_What you should do_:
Repeat, exactly as written, the lines from the one with "blouse kneesocks kuramochi_yuka" to the final line of the listing, and keep every picture out.
============================================================
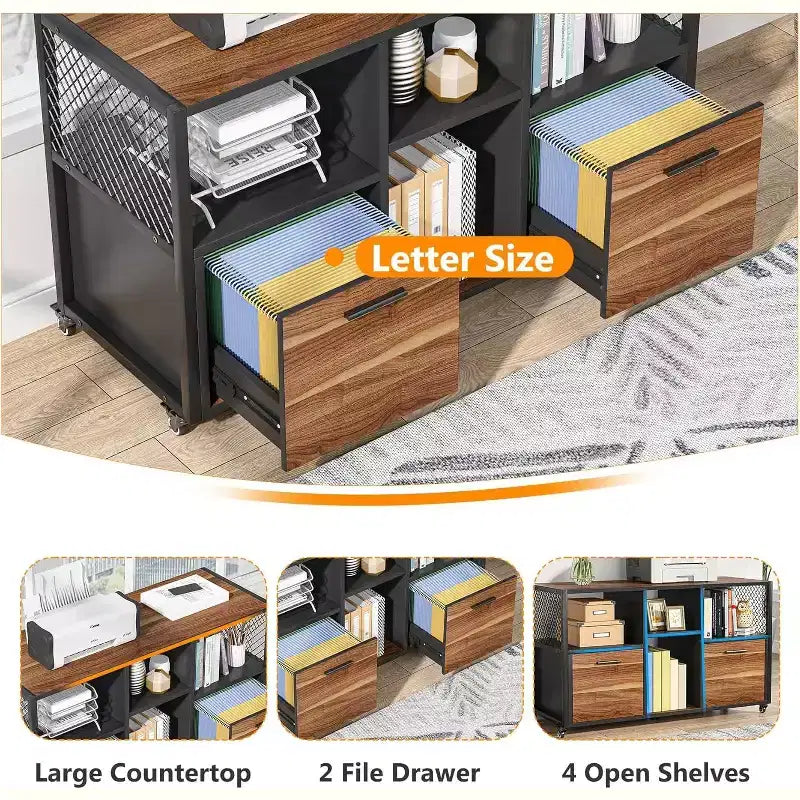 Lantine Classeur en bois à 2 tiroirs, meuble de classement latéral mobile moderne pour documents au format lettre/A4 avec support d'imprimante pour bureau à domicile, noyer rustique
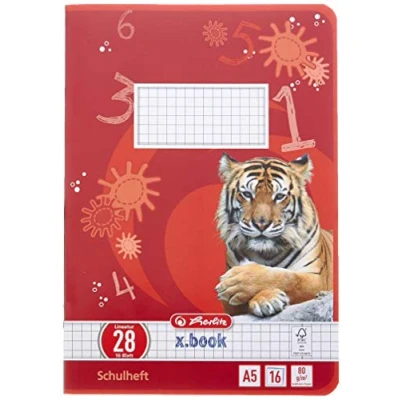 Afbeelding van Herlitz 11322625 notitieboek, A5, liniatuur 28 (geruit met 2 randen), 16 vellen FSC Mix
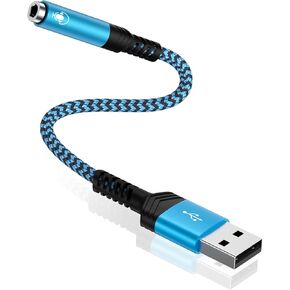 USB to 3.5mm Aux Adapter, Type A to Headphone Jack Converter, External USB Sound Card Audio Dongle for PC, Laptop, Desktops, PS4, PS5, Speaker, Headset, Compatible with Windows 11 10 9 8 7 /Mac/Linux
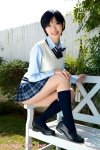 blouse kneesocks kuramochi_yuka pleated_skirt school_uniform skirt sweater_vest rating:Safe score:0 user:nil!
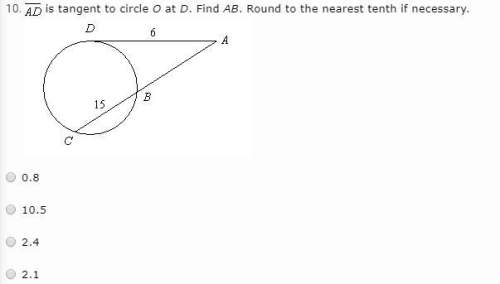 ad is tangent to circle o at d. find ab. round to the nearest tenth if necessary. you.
============================================================
_Task result_:
 blouse kneesocks kuramochi_yuka pleated_skirt school_uniform skirt sweater_vest rating:Safe score:0 user:nil!
 ad is tangent to circle o at d. find ab. round to the nearest tenth if necessary. you.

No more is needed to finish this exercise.